It would have made as much sense for the yeerk to claim it was Santa Claus as far as Fin was concerned. Suji being here, in his head, was so improbable that...that, he couldn't even come up with words adequate to explain how ridiculous it was. First of all it was impossible. Secondly she wouldn't do it. It made no sense, going on some sort of kamikaze rescue mission. It just wasn't Suji's style.
For the first time Fin began to feel afraid. He had been prepared to be controlled but he hadn't understood how much the yeerk would be able to fuck with him. It could tell him anything and how could he deny it? It had access to every thought and every emotion. Every fear and every hope. And, if it wanted, it could continue to shut him out and make it impossible for Fin to keep touch with reality.
<<What->> he began to ask but the yeerk was already on the move. It handled the hork-bajir guards that came in to investigate the dracon fire and then it was digging through his mind looking for the bird morph it wanted. As it did so it ripped through every memory Fin had attached to flying.

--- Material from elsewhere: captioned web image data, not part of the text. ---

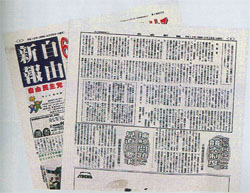 Photo of apology to Soka Gakkai by the Liberal Democratic Party in LDP newspaper Jiyu Shimpo Photo of apology to Soka Gakkai by the Liberal Democratic Party in LDP newspaper Jiyu Shimpo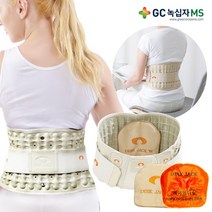 [의료기기 인증] 디스크잭W 허리보호대 허리견인기, S(27~30인지)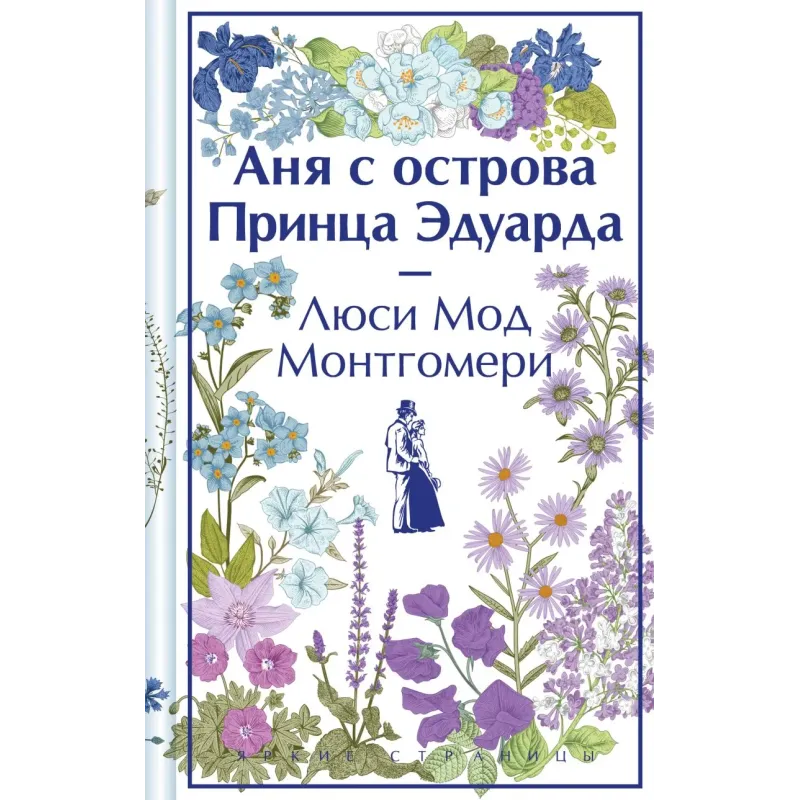 Аня с острова Принца Эдуарда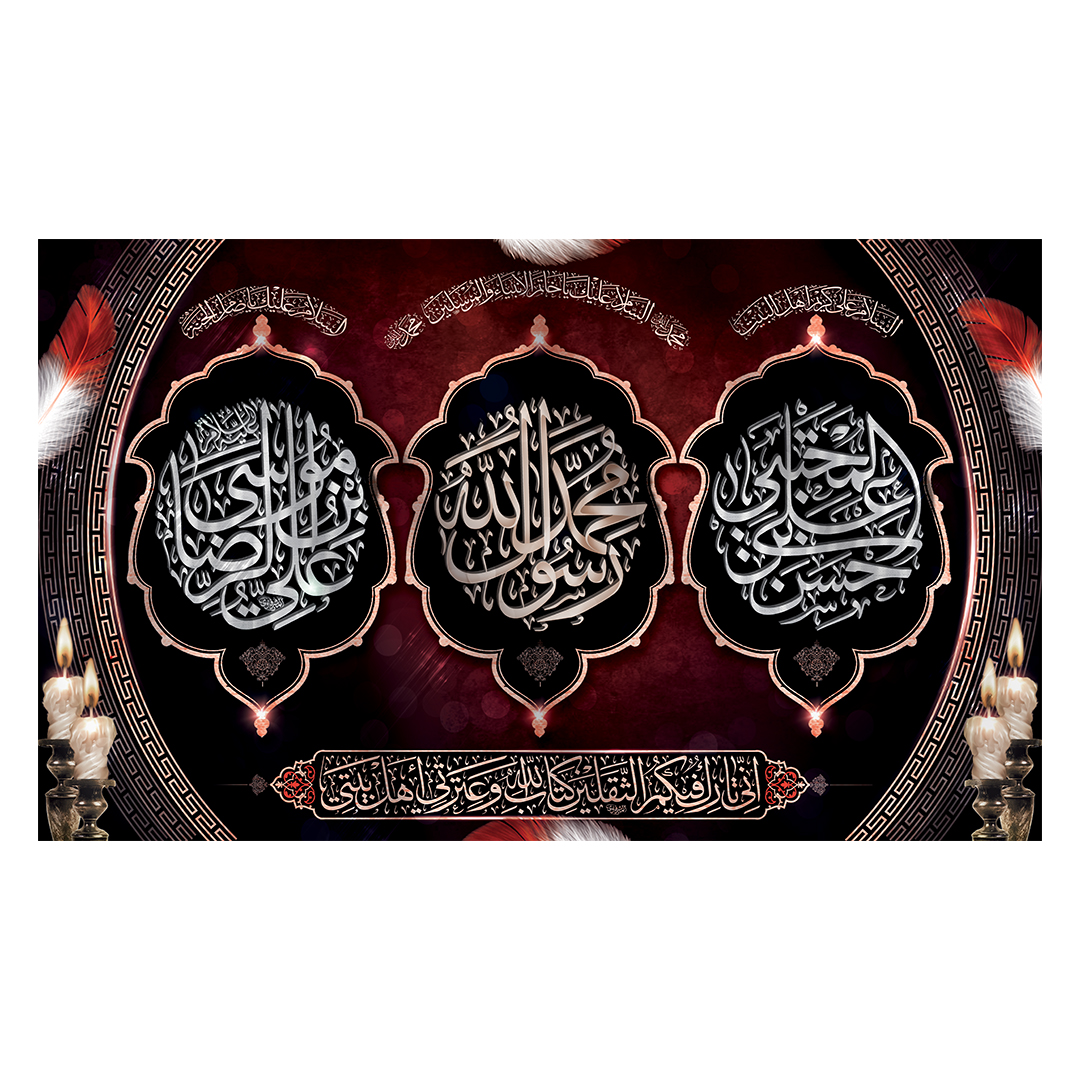 کتیبه دهه آخر صفر 58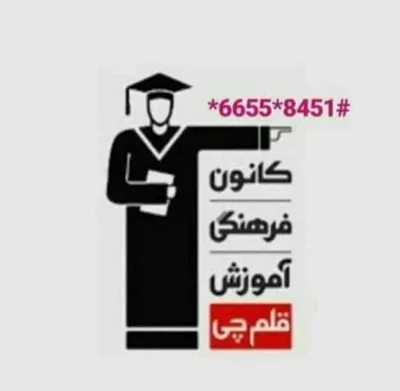 عاطفه حبیبی 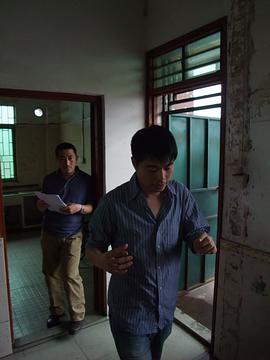 翁子光
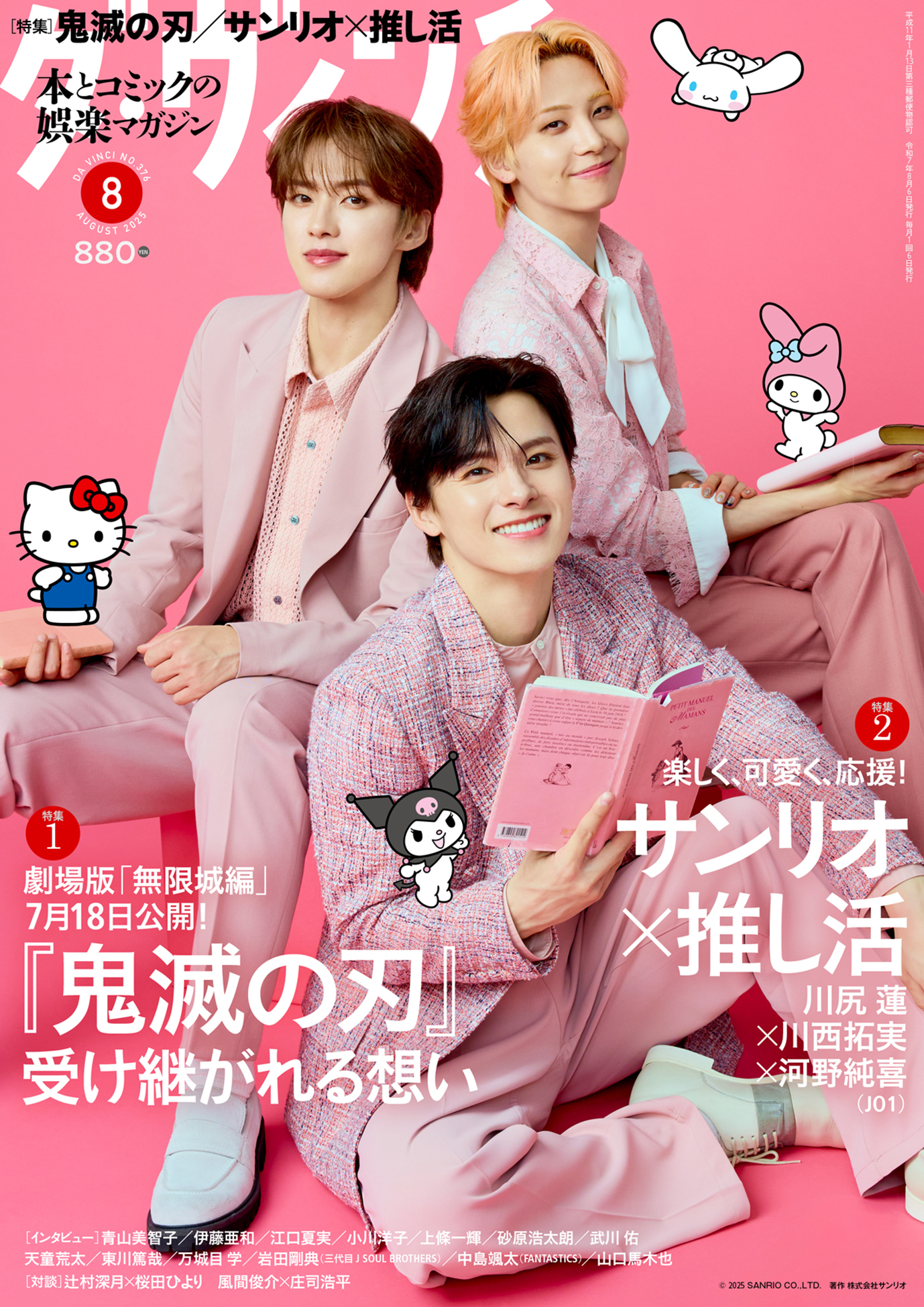 2025年最新】jo1 サイン ポスターの人気アイテム - メルカリ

It found the bat first and the night patrols he'd spent flying around Vancouver. Fin felt a moment of panic as he realized it would know where Vancouver's hide out was but no one was there anyway and the yeerk didn't seem to be stopping to really take stock of what it was seeing.
It found the falcon next and Fin briefly relived his first moments in the falcon morph and the battle with Matthias. Fin hoped that it had what it wanted because he was finding the intrusion deeply disturbing.
He was remembering things he wasn't choosing to remember and he couldn't move anything. God. He hadn't realized what it would be like to have no control. He began to regret this choice. For the first time in his life the words, "give me liberty or give me death," made an inkling of sense. Living like this too long would drive anyone mad.
Fin let the thing take off and thought about telling it that the bat may have been better for flying around inside of a building but the falcon was handling the hallways decently well and they soon got to open air so it didn't matter. Fin had to wonder at the ability of the yeerk to control the morph. It had taken him many hours behind these eyes to get as good at handling the morph as he had. The yeerk wasn't as good as he was but it wasn't half bad either. Anyone that could fly inside a building with nothing but dead air to work with without crashing into a wall deserved props. If Fin had been in a more gracious mood he may have complimented it. But as it was he was still getting used to the fact that it wasn't him flying.
As they spiraled up over the yeerk pool complex they found out the sky was not as empty as it should have been. Ships kept crashing down around them. <<The sky is falling,>> Fin remarked to himself in a sarcastic tone but there was no real bite to it. Too much had happened today for Fin to really be surprised or horrified by anything else. He was pretty sure he wouldn't flinch if the damn city blew up.
<<What is this, plague number six or number seven?>> he asked, thinking of the first Mummy movie and trying to compare it to his memory of the Prince of Egypt. <<I think we already had blood,>> he remarked thinking of the YPM. <<Has there been a large invasion of frogs lately,>> he asked the yeerk. <<If so Crayak may be mad with you.>> His partly internal dialogue was cut off.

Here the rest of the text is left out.